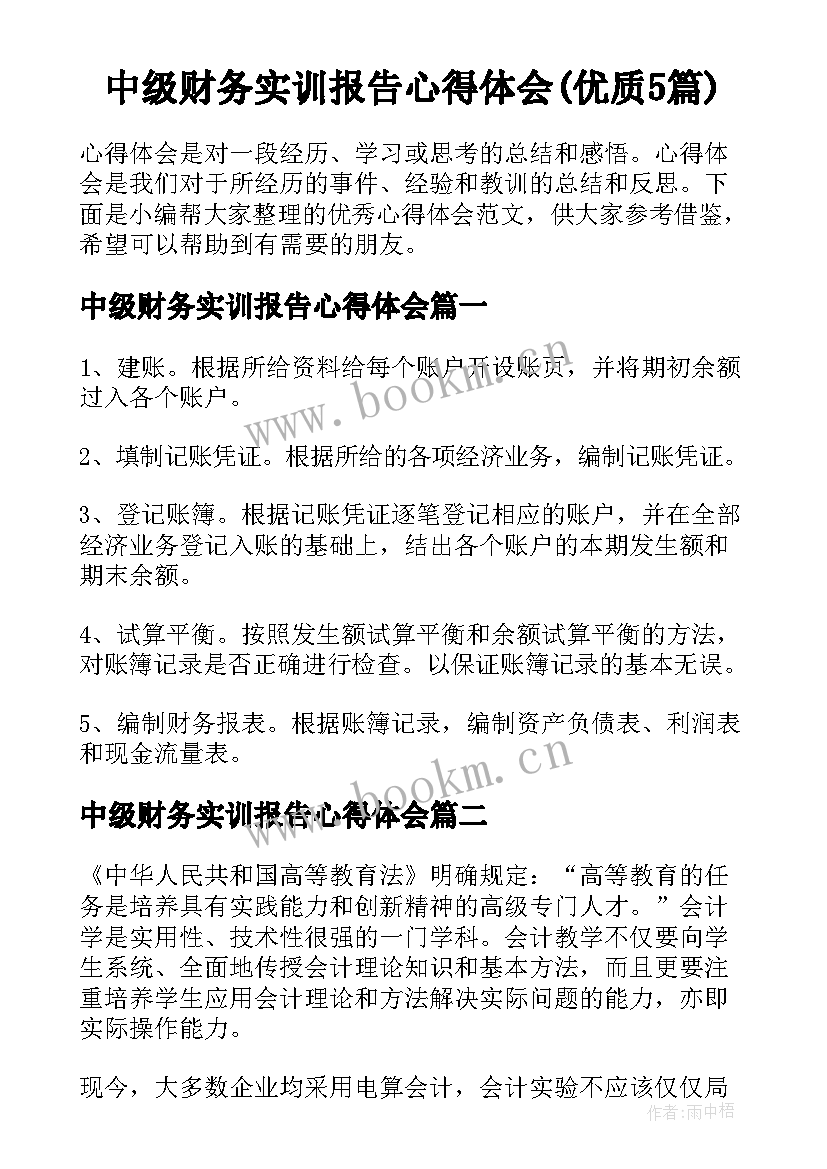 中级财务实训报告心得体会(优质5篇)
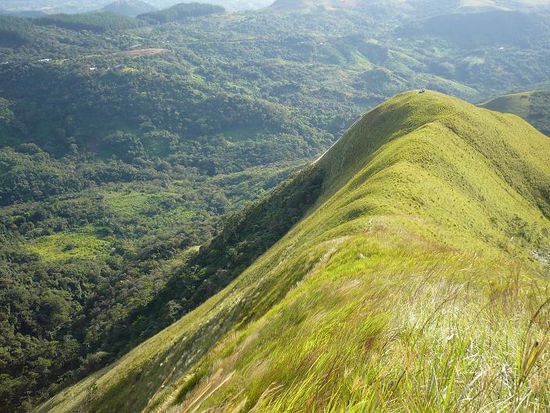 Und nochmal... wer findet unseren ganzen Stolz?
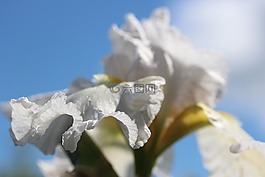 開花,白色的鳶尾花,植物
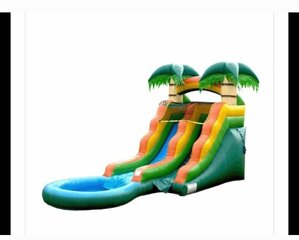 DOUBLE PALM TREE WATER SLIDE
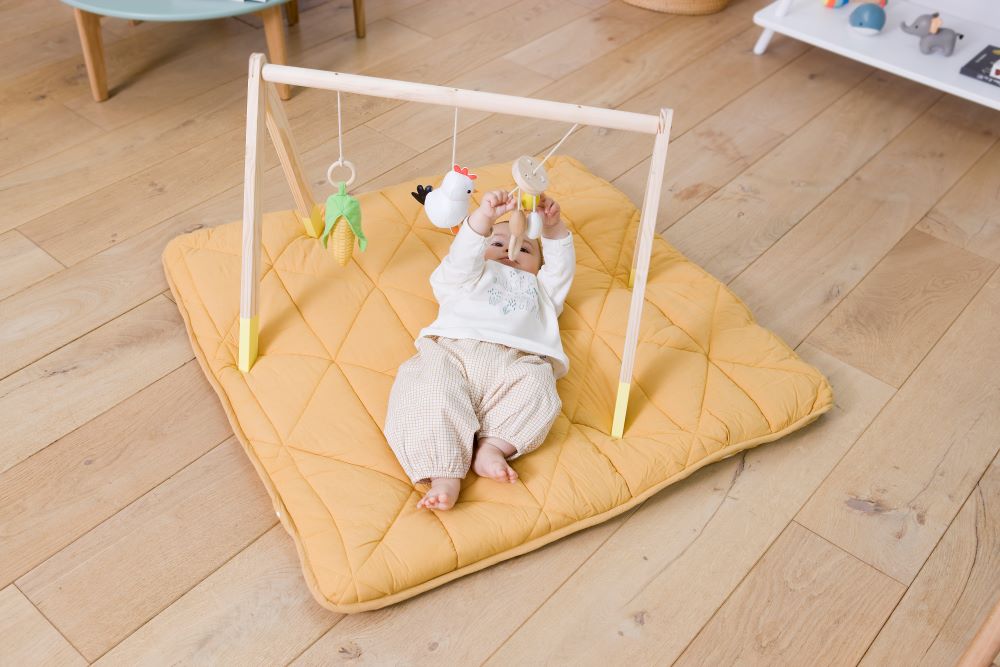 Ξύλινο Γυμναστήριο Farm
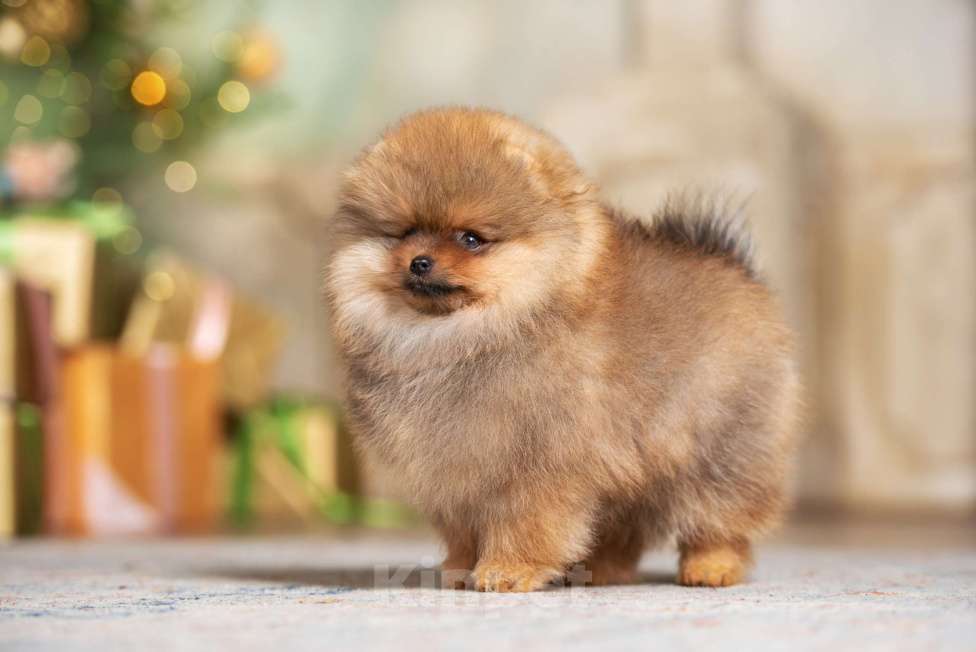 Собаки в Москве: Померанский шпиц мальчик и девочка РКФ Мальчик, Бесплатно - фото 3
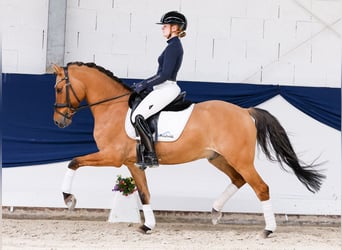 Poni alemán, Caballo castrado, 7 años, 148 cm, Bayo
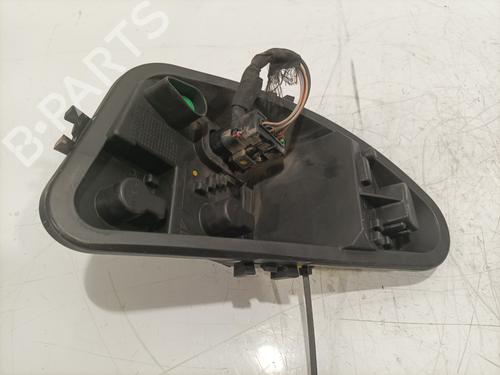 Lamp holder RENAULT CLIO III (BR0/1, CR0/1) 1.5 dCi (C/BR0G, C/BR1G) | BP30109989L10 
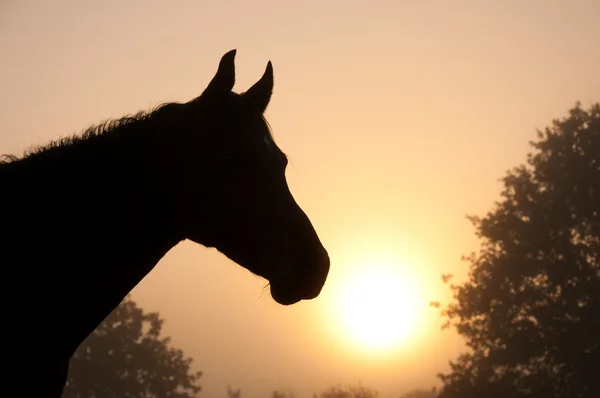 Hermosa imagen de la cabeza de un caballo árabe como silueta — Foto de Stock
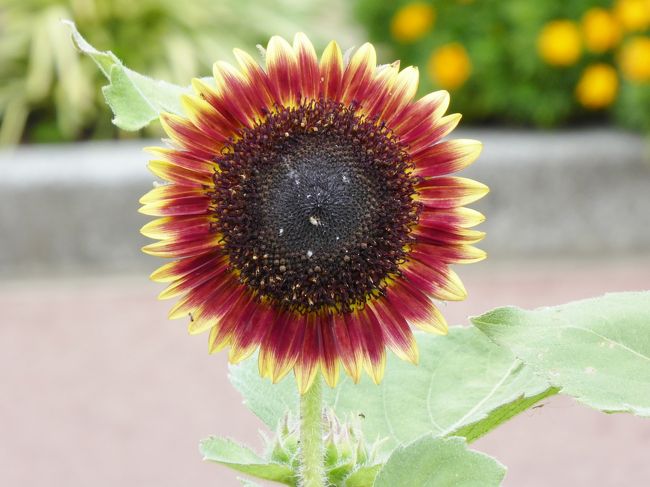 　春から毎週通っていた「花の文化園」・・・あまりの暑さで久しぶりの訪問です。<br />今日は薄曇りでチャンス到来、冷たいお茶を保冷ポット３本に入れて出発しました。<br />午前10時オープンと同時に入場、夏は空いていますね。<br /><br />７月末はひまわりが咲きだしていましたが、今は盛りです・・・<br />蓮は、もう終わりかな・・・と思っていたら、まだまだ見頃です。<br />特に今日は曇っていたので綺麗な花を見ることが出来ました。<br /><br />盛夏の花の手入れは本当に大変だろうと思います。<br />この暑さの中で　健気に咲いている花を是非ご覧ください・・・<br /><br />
■ ■ ■
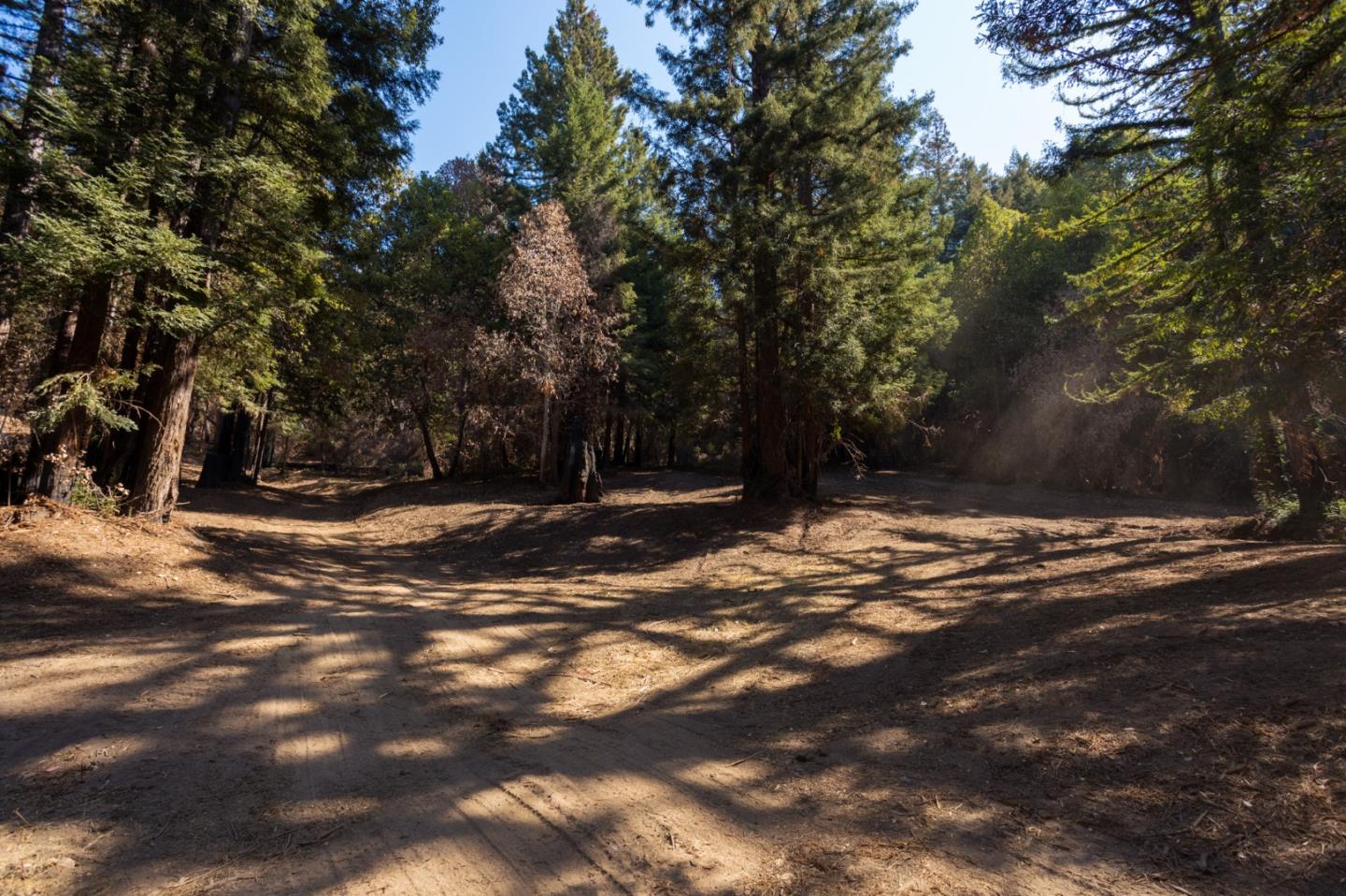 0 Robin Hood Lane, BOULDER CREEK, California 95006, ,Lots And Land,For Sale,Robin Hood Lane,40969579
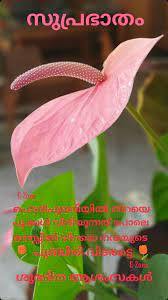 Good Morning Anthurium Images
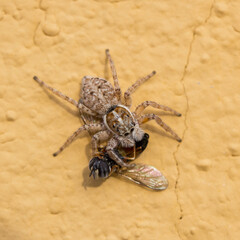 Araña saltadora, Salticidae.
■ ■ ■
**How to complete this task:**
Exactly the lines starting at the one above with "中级财务实训报告心得体会(优质5篇)" and ending at the one with "Hermosa imagen de" should be printed, and nothing else. Omit the pictures.

**Reply:**
 中级财务实训报告心得体会(优质5篇)
 Und nochmal... wer findet unseren ganzen Stolz?
 開花,白色的鳶尾花,植物
 DOUBLE PALM TREE WATER SLIDE
 Ξύλινο Γυμναστήριο Farm
 Собаки в Москве: Померанский шпиц мальчик и девочка РКФ Мальчик, Бесплатно - фото 3
 Poni alemán, Caballo castrado, 7 años, 148 cm, Bayo
 Lamp holder RENAULT CLIO III (BR0/1, CR0/1) 1.5 dCi (C/BR0G, C/BR1G) | BP30109989L10 
 Hermosa imagen de la cabeza de un caballo árabe como silueta — Foto de Stock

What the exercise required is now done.